A modified form of the invention is illustrated in FIG. 4 wherein suspension rods 50 are attached to the lower portion of curved portion 42 for suspending an antierosion disc 52 therefrom. The weight of the antierosion disc 52 may be increased so as to provide ballast means for the flotation unit. It is possible to make the anti-erosion disc sufficiently heavy either by increasing its thickness or by incorporating a ballastreceiving container therewith so as to provide the sole ballast means for the unit. Alternatively, it is possible to combine the weight of the anti-erosion disc with ballast means 46 to provide the desired ballast for the entire unit. By maintaining the skirt 40 and curved portion 42, a low loss fluid flow is preserved in this embodiment of the invention.

It is also possible to provide some ballast in the lower portion of the flotation means 18, i.e., in the lower portion 26 of the flotation means 18. However, such ballast means in this position is preferably used only to augment the ballast provided at 46 or the ballast pro vided at 46 plus the weight of the anti-erosion disc 52, since it is desired to have an effective center of gravity for the entire unit below the floating line of the flotation means 18.

In the preferred form of the invention such as is illustrated in FIG. 1, a low loss fluid flow entrance is provided in that the passageway is substantially unobstructed for the water to be lifted by propeller 34 and be deflected by deflection plate 14 substantially radially of the aeration unit in order for the water to be aerated. While the ballast means 46 is preferably cement, other materials heavier than water may be used. Since the ballast receptacle for the ballast means 46 is toroidal, continuous and symmetrical with respect to the longitudinal axis of the entire unit, there are no discontinuities or imbalances such as would be encountered if non-symmetrical weights were suspended from the unit.

While presently preferred embodiments of the invention have been illustrated and described, it will be recognized that the invention may be otherwise variously embodied and practiced within the scope of the claims which follow.

What I claim is:

1. An aerating apparatus comprising:

a. flotation means for supporting said aerating apparatus in a body of water,

b. said aerating apparatus including 1. a motor mounted above said liquid,

2. a propeller driven by said motor with said propeller being immersed in said water in order to lift some of said water to be aerated,

3. and deflector means between said motor and said propeller for deflecting water lifted by said propeller substantially radially of said aerating apparatus,

c. a skirt member surrounding said propeller and extending a substantial distance beneath said flotation means,

1. said skirt member terminating in an outwardly flaring bottom portion which defines a substantially semicircular concave-upwardly, toroidal, ballast receiving means,

i. said outwardly flaring skirt member establishing a substantially low loss fluid flow into said propeller and toward said deflector means,

d. and separately added ballast means received in said substantially semicircular concave-upwardly, toroidal, ballast receiving means a substantial distance beneath said flotation means,

1. said motor having a center of gravity located a given distance above the surface of the water and said ballast means having a center of gravity sufficiently far below the surface of the water to establish an effective center of gravity for the entire aerating apparatus without the use of stabilizing discs below the floating line of said flotation means.

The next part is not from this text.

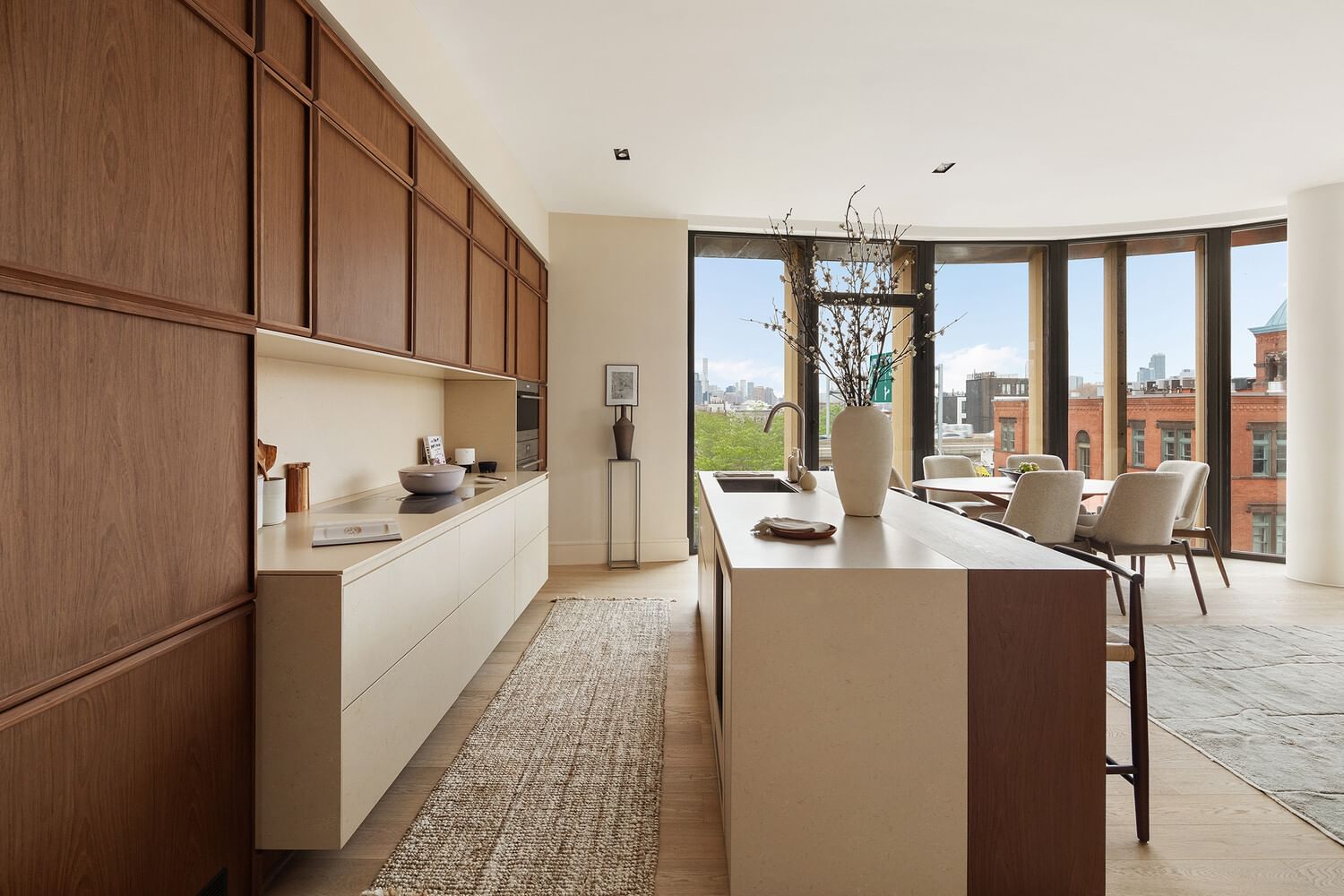 Real estate property located at 28 HERBERT #3B, Kings, Williamsburg, New York City, NY, US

2. A ballast construction for an aerating apparatus as defined in claim 1 wherein said flotation means comprises a receptacle containing a foamed plastic material and having an upper portion which is larger than its lower portion when viewed in vertical cross section whereby the vertical depression of a portion of said flotation means results in an increased buoyant restoring force at the locus of said depression.

3. A ballast construction for an aerating apparatus as defined in claim '1 wherein said ballast means is cement.

4. A ballast construction for an aerating apparatus as defined in claim 1 wherein said ballast means further includes an anti-erosion disc suspended beneath said aerating apparatus.

5. A ballast construction for an aerating apparatus as defined in claim 1 wherein said propeller is mounted on a shaft driven by said motor and wherein said shaft is journaled in a bearing carried by said inner skirt on said flotation means.

6. An aerating apparatus comprising:

a. flotation means for supporting said aerating apparatus in a body of water contained in a treating pond or the like,

b. said aerating apparatus including 1. a motor mounted above said liquid,

2. a propeller driven by said motor with said propeller being immersed in said water in order to lift some of said water to be aerated,

3. and deflector means between said motor and said propeller for deflecting water lifted by said propeller substantially radially of said aerating apparatus,

c. a skirt member surrounding said propeller and extending a substantial distance beneath said flotation means,

1. said skirt terminating in an outwardly flaring bottom portion which defines a substantially semi:

circular concave-upwardly, toroidal, ballast receiving means,

i. said outwardly flaring skirt member establishing a substantially low loss fluid flow into said propeller and toward said deflector means,

d. and separately added ballast means received in said substantially semicircular concave-upwardly, toroidal, ballast receiving means a substantial distance beneath said flotation means,

1. said motor having a center of gravity located a given distance above the surface of the water and said ballast means having a center of gravity sufficiently far below the surface of the water to establish an effective center of gravity for the entire aerating apparatus, Without the use of additional ballast means engageable with the bottom of said treating pond or the like, below the floating line of said flotation means.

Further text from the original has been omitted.